Reproduce the listing below exactly, beginning with its first line and ending with the line that holds "perlengkapan cosplay kostum"; pictures are not part of the copy.

■ INFORMATION SHOWN
******************************

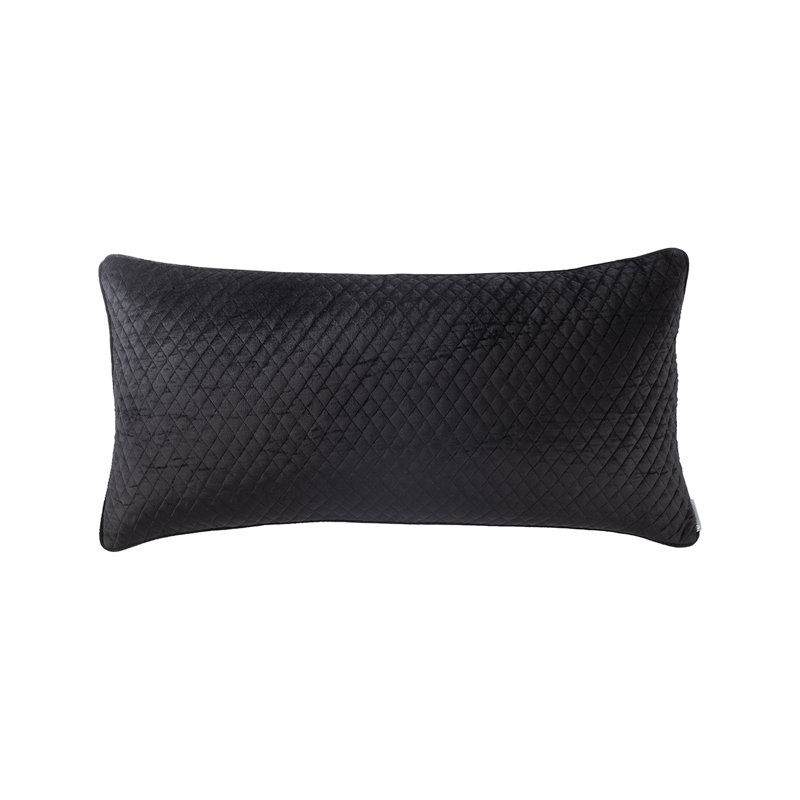 Valentina Velvet Rectangular Pillow Cover & Insert, 18" x 36", Black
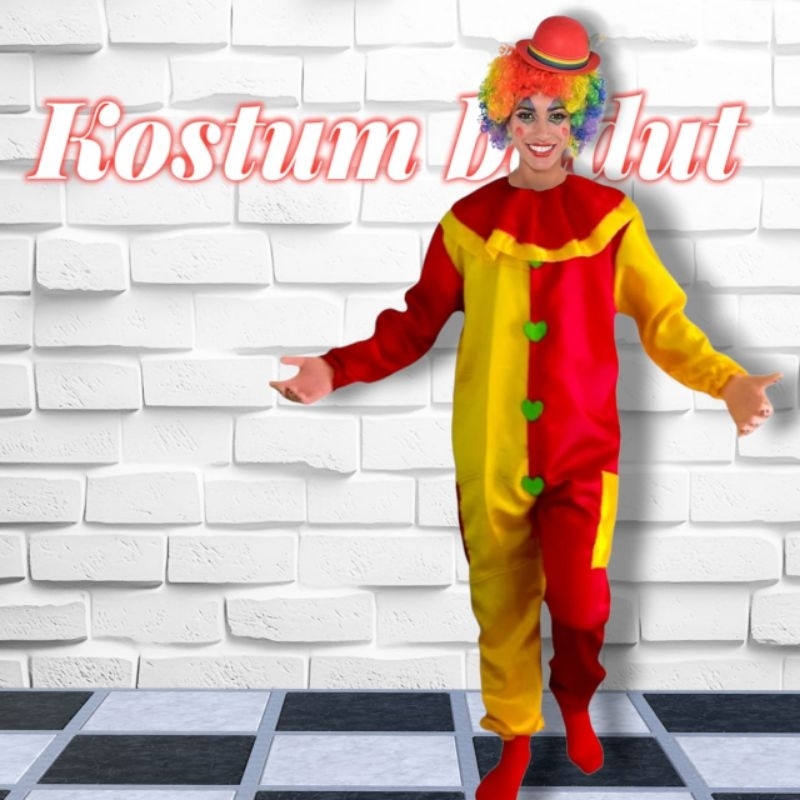 perlengkapan cosplay kostum badut joker bisa COD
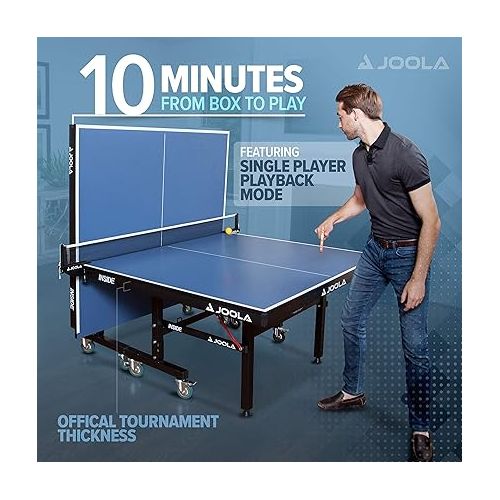  JOOLA Professional Table Tennis Table with Quick Clamp Ping Pong Net and Post Set - 10 Minute Easy Assembly - Foldable Ping Pong Table with Single Player Playback Mode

******************************

■ RESULT FOR THIS EXERCISE
 Valentina Velvet Rectangular Pillow Cover & Insert, 18" x 36", Black
 perlengkapan cosplay kostum badut joker bisa COD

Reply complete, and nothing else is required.